So you have a bunch of Git repositories for individual projects and you want to bring them together into a monorepo. Maybe you want to share code without constantly publishing dependencies. Maybe you want to simplify testing or deploy everything together with infrastructure-as-code.
But those original repositories carry a lot of history. Some have even brought history along from pre-Git days. Keeping this history would be really nice, but you also want to organize projects into their own folders. What can you do?
Why You Can’t Just Copy Code In
Let’s back up a moment — you actually can just copy code into a new monorepo. The problem is, you won’t have that history. It’ll be as if all projects just appeared one day, fully written. If that’s not important, you can stop reading now. Do the simplest thing that can possibly work.
But if you want to keep history, read on. You can weave several repositories together, moving each repository into its own folder, and keep every change made in every repository.
Visualizing Where You Want to Be
An important first step is to visualize where you want to go with this migration. For example, you might want to import each project into a new folder in the root directory. This is the approach I took with an internal project recently since each one was part of a collection of interoperating services.
If you have several projects of the same kind, you may want to sort them into different subfolders of top-level folders such as “services,” “modules,” and “tools.” This is the approach my client and my team took with a brand-new monorepo, though it would’ve also been a great strategy if importing.

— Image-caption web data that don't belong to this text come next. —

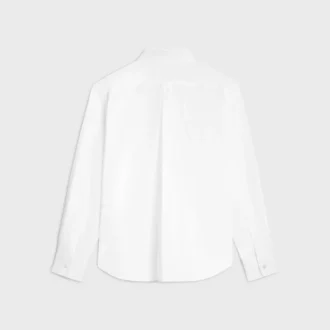 Relaxed Shirt in Cotton Poplin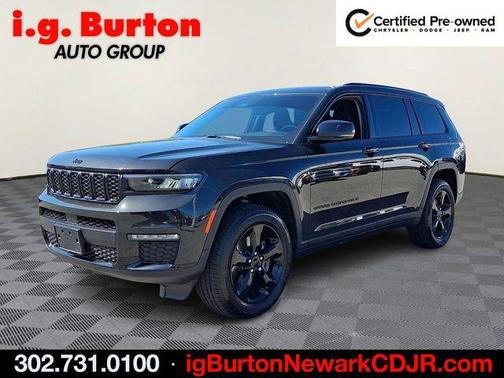 Rocky Mountain Pearlcoat 2023 Jeep Grand Cherokee L Limited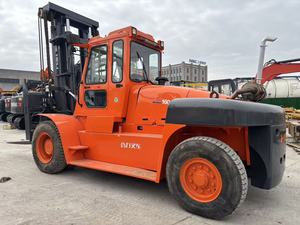 Used HELI CPCD160 16 Ton Heavy-Duty Diesel <b>Forklift</b> with Cummins Engine and Bearing for Port Steel Yard Container Handling - Product Image 3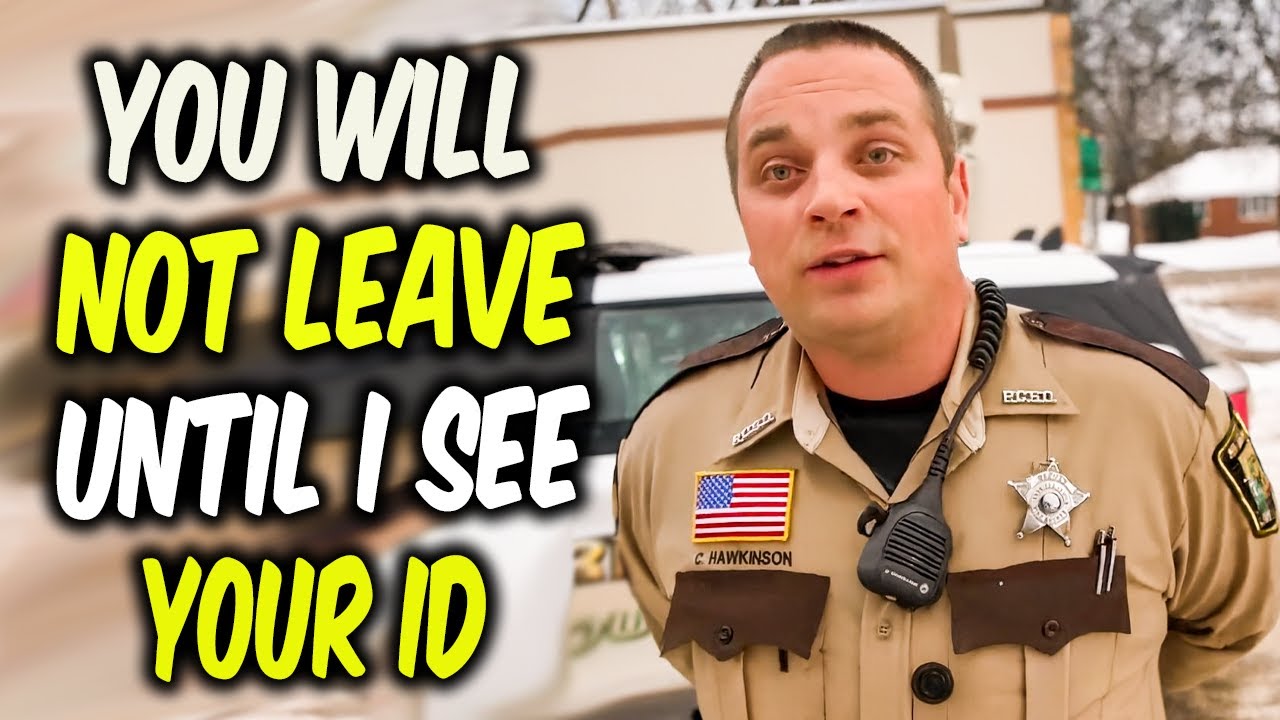 Tyrant Cop Goes HANDS ON &mdash; Gets OWNED & Dismissed by Supervisor! | ID Refusal Audit Fail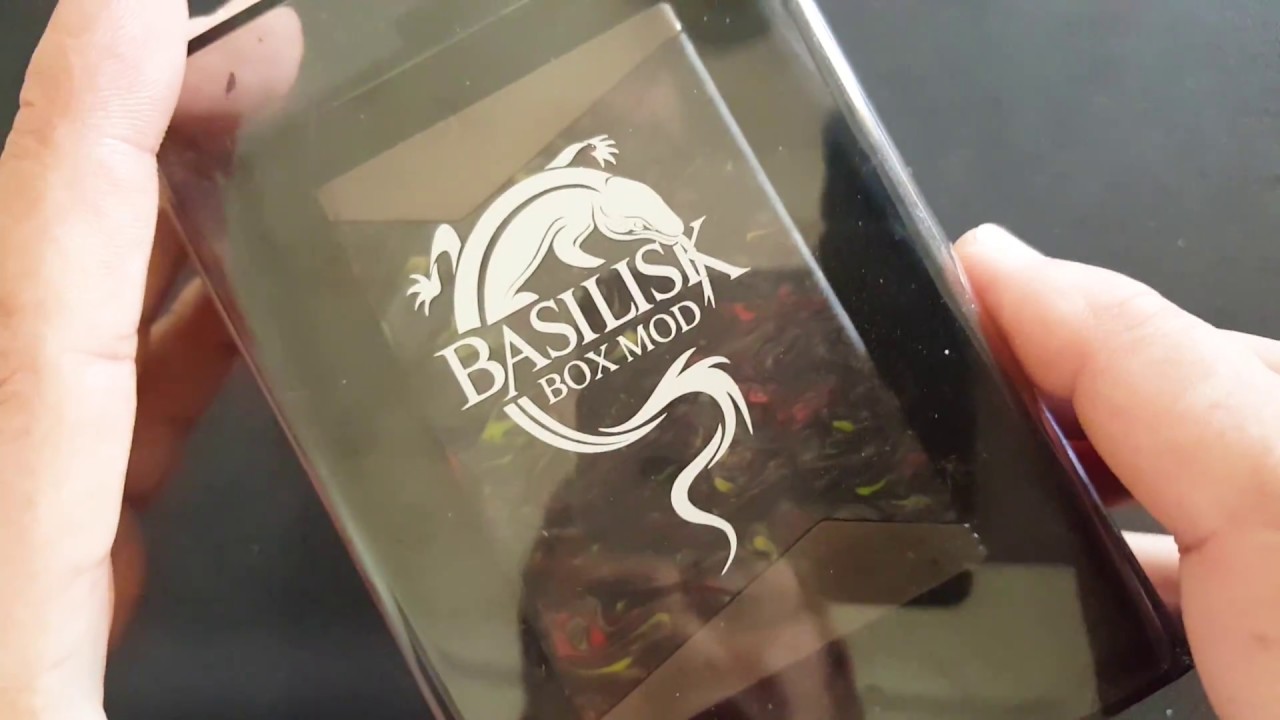 Basilisk BOX MOD 200W de Stentorian - RoBeR ReVieW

You may also have a sort of super-project that ties the other projects together. These make great candidates as a starting point for the root of your monorepo. You can weave the other projects into this one.
The structure you pick primarily influences discoverability. It matters less for day-to-day use if you have well-named files that can be opened with a fuzzy finder. See if the structure makes sense to someone who doesn’t know as much about your projects. Check it with someone who used the old projects a lot and will now be using the monorepo as well.
All this said, feel free to experiment on your own for a bit. Just be careful not to push or share out your work until you’re confident nobody will start building on top of it. Making changes after the fact is possible but risks muddying the carefully-imported history you’re curating now.
Importing Branches from Other Repositories
Gather the following items:
- The Git remote URLs for the projects you want to import
- The main branch name for each project you want to import
- Where you want to put each imported project (a folder, or right in the root)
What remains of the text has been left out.